§ About this exercise: A faithful copy of each record is required, minus the images.

::::

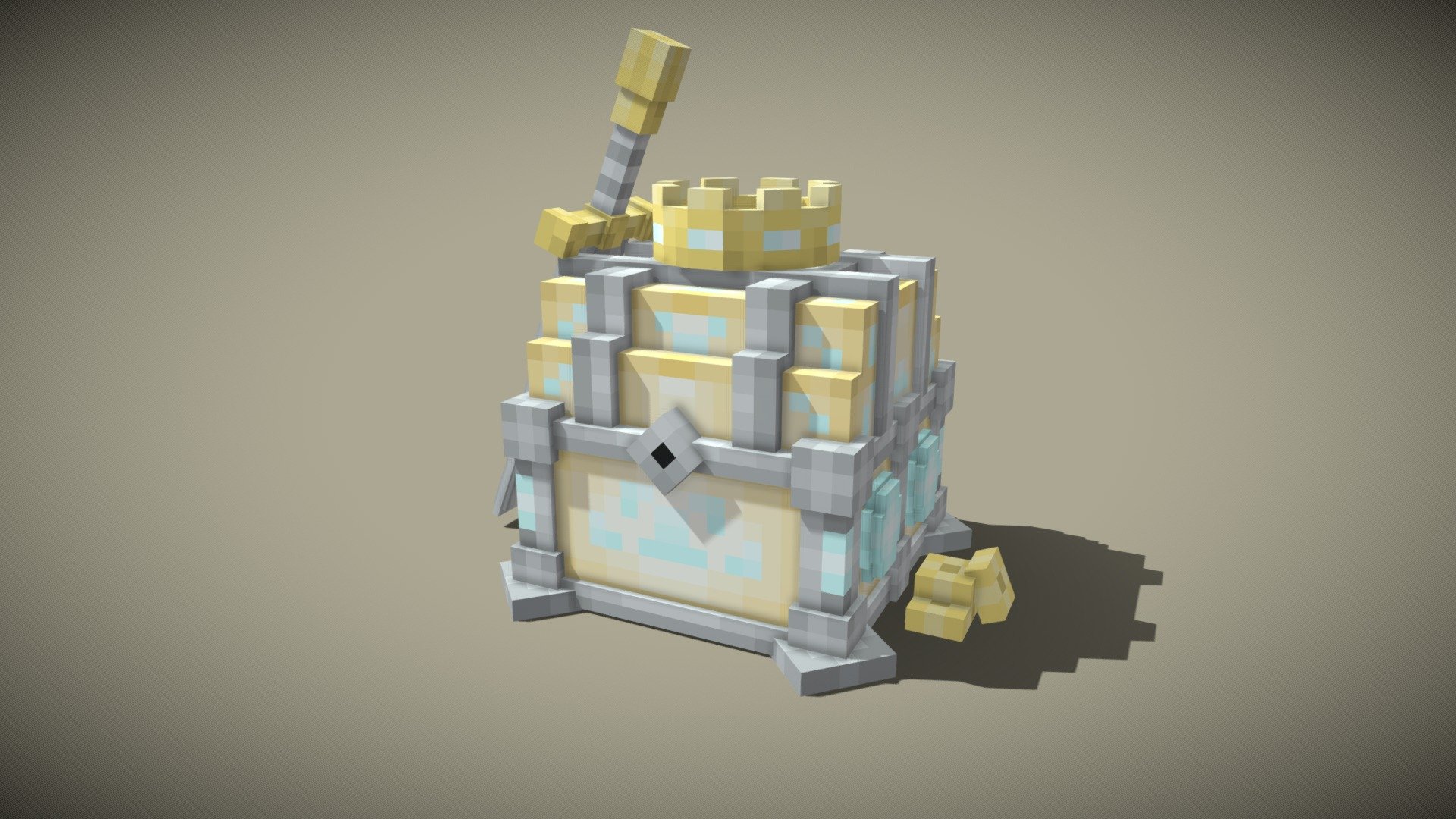 Box diamond - 3D model by Mr.Cat (@MoneYPE) [9dc906e] - Sketchfab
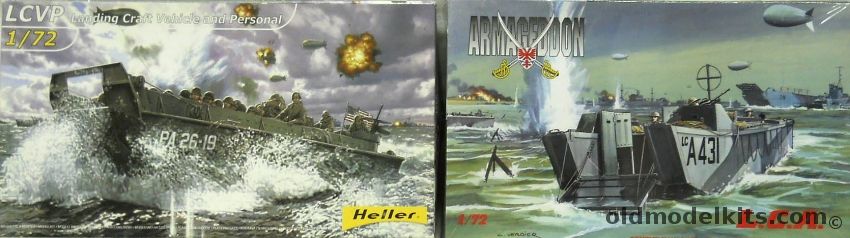 Heller 1/72 LCVP Landing Craft And Armageddon LCA, 79995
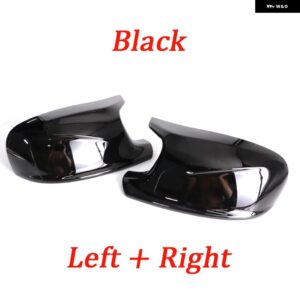 BMW M スタイル バックミラー カバー キャップ カーボン / ブラック X3 F25 X1 E84 PRE-LCI 2010-13 ケース - 1 pair black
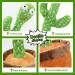 MAIGO Dancing Cactus Toy - Interactive Talking, Singing, Dancing Baby Cactus Toy with 120 Songs and Repeat-What-You-Say Feature - Buy Online on GoSupps.com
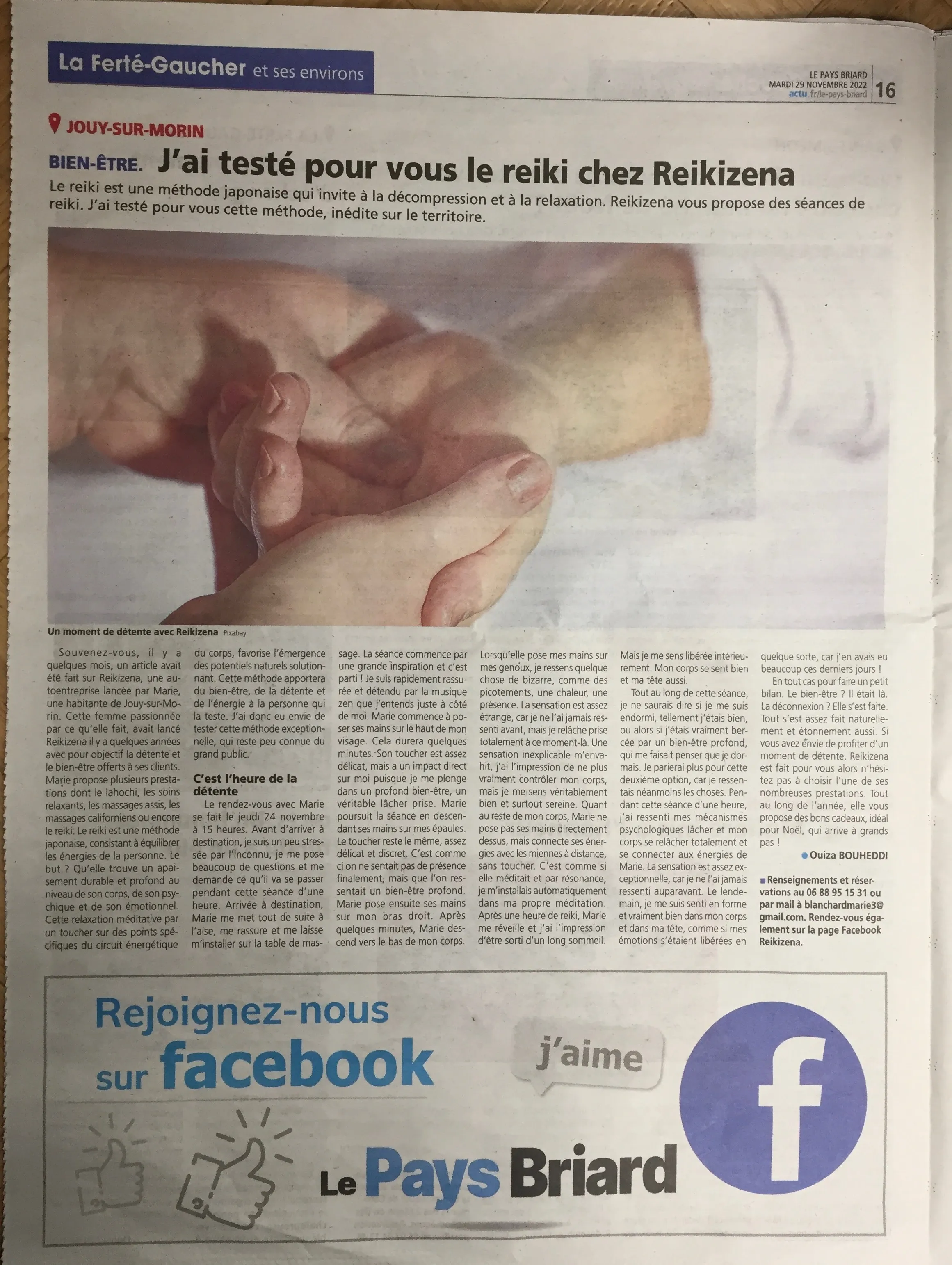 Article de presse Reikizena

::::

§ Answer section:
 Box diamond - 3D model by Mr.Cat (@MoneYPE) [9dc906e] - Sketchfab
 Heller 1/72 LCVP Landing Craft And Armageddon LCA, 79995
 BMW M スタイル バックミラー カバー キャップ カーボン / ブラック X3 F25 X1 E84 PRE-LCI 2010-13 ケース - 1 pair black
 MAIGO Dancing Cactus Toy - Interactive Talking, Singing, Dancing Baby Cactus Toy with 120 Songs and Repeat-What-You-Say Feature - Buy Online on GoSupps.com
 Article de presse Reikizena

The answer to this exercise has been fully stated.